The nation’s financial watchdog is looking into unveiling statistics regarding cases of corruption in the financial sector for the first time in nine years to urge executives and employees to be more vigilant vis-a-vis moral hazards, sources at the Financial Supervisory Service (FSS) said yesterday.

The move comes shortly after a spate of corporate faux pas including KB Kookmin Bank’s changing the terms of customers’ loan contracts without first consulting borrowers, which has incited public anger.

“Many have called for the statistics to be released to the public as financial misdeeds have become so rampant these days,” said an official at the FSS. “We have kept the annual data confidential until now, but we are weighing whether to disclose it.”

The FSS recently released annual data detailing the number of cases and sums relating to such financial misdeeds at banks, non-banks, brokerages and insurance firms up to March 2004. Only a handful of cases after that date have been made public, and only when lawmakers meet each fall and raise certain issues at the National Assembly’s audit and inspection session. According to a document the FSS submitted to the National Assembly’s Policy Committee, 179 such incidents were reported in 2010. It said there were a similar number last year.

“We have been taking the necessary measures to curb such misdeeds, but the number hasn’t dropped off yet,” said the FSS source. “We expect that releasing the data will alarm executives and employees in the financial industry, and it could help curb the number of such incidents.”

The FSS is scheduled to hold a workshop on Sept. 26 with auditors of local banks and bank employees to discuss and find measures to improve internal controls. The financial regulator will urge the invited parties to increase the number of auditors in a bid to ramp up transparency and accuracy amid growing criticism that banks’ poor internal controls failed to prevent their employees from taking liberties with loan contracts.

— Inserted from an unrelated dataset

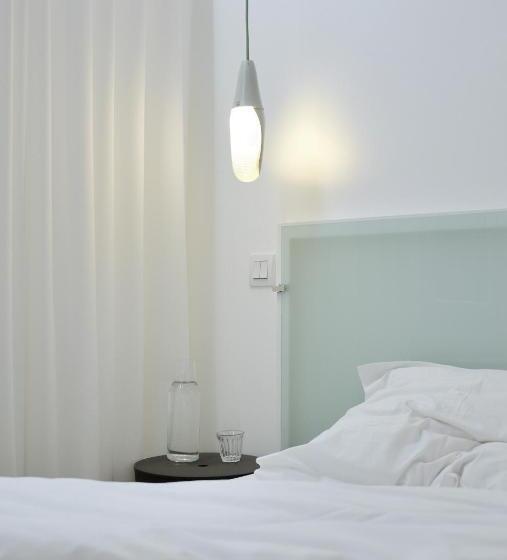 ホテル Continental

KB Kookmin Bank has come under fire for changing the terms of a contract of one customer by authorizing a knowingly forged signature at the end of July. The customer, surnamed Lee, filed a complaint with the FSS, and KB responded by issuing a public apology. Kookmin said last week that it conducted an internal inspection and found 9,616 instances of employees ignoring protocol and messing with loan contracts at 881 of its branches.